COLLEGE STATION, TEXAS -- The University of Florida’s win against Texas A&M in the Aggies’ first taste of the Southeastern Conference wasn’t pretty. And it almost didn’t happen. But second-year coach Will Muschamp said he wouldn’t have it any other way.
After being dominated in the first half by a fast-paced Aggies (0-1, 0-1 SEC) attack, the 24th-ranked Gators (2-0, 1-0 SEC) turned it around completely in the second half to squeeze out a 20-17 win in front of 87,114 at Kyle Field.
“We did what we had to do to win the game,” Muschamp said. “We’re going to have a lot of games like this now. That’s just who we are. We’re going to grind out and we’re going to win.”
The two halves of football on Saturday couldn’t have been more different.
In the first two quarters Texas A&M had its way with the Florida defense, racking up 269 yards of total offense, 18 first downs and 17 points. The Aggies were 4 of 8 on third-down conversions and didn’t have to use their punter, seemingly cruising to an impressive win in their SEC debut.
Then it all changed. In the last two quarters, the Aggies accrued just 65 yards of total offense, three first downs and zero points. They punted six times, were penalized five times and failed to convert on six third-down opportunities.
“We did a better job in the second half of controlling the line of scrimmage,” Muschamp said. “That was the difference. There was no magic potion. We came in and told the guys just to squeeze blocks, play thicker on blocks. Quit running up the field. You get an illusion that these guys are a passing football team and really they’re not right now with [quarterback] Johnny [Manziel]. They’re a running football team.”
Manziel, a redshirt freshman making his first career start, torched the Gators with both his arm and legs in the first half, completing 16 of 20 passes for 141 yards and rushing for 55 yards on nine carries. Texas A&M ran 46 offensive plays in the first half compared to just 26 for Florida, but the halftime adjustment proved key, as Manziel and the Aggies were shut down after halftime.
“We all settled down and started playing football the way we want to play it,” linebacker Jon Bostic said. “On the defensive side of the ball, we want the game to be like that. We want to go win it in the fourth quarter, give the ball back to the offense and let them grind it out. ”
Although much of the pre-game chatter about Saturday’s game revolved around sophomore quarterback Jeff Driskel making his first true start, the result came down to running the football. Muschamp said that’s the team’s identity, whether fans like it or not. After what some perceived to be an unimpressive win against Bowling Green last week in which Florida ran the ball twice as much as it passed it, Muschamp let his frustration with the criticism be heard.

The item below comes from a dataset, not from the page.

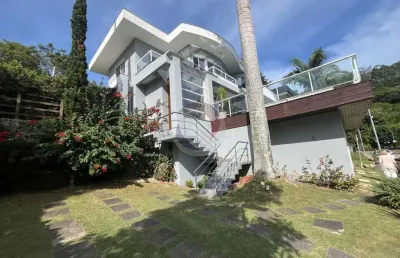 Casa em condomínio fechado com 3 quartos para alugar na estrada caminho dos açores, 757, santo antônio de lisboa, florianópolis por r$ 16.000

“I got killed for last week but there’s a reason why we did it,” he said, his voice growing louder and angrier throughout the ensuing rant. “We had a superior football team than Bowling Green. Nothing against those guys, but we needed to play that way in order to play that way this week in this ball game. It’s a long season. And when they start having one-game seasons, then we’ll start doing everything we can do and put everything we can into one game so we can win one game and I’ll be really, really happy at the end. But I like to look at it as a 12-week season and we’ve got to do what we’ve got to do to improve our football team to win football games.”
Florida again was unbalanced with 48 rushes for 142 yards and just 17 passes for 165 yards, but the offense — in particular, the rushing attack — controlled the game in the second half. Led again by senior Mike Gillislee, who had 83 yards on 14 carries with two touchdowns, the Gators had success on the ground throughout, especially when it mattered.
Leading 20-17 with 3:13 left to play, Florida took over possession at its own 14-yard line and rushed on eight consecutive plays to run out the clock.
“Happiest moment in Florida history, for me,” Muschamp said.
The Gators picked up four first downs on the series, forcing Texas A&M to burn its times out. Driskel deserves credit as well for running the offense without major mistakes. He was accurate and poised in the pocket for much of the game, completing 13 of 16 passes. But Driskel was also sacked eight times and held onto the ball too long in several instances.
Still, it was enough to secure a win on the road in the SEC opener, and Muschamp couldn’t have been more pleased.
“Last year? I don’t know, man. I don’t know if we win this ball game,” he said, adding that Saturday’s win was a statement victory. “I told our team I’m not big into those sorts of things, but … everybody wanted the glory story here with A&M and they didn’t get it.”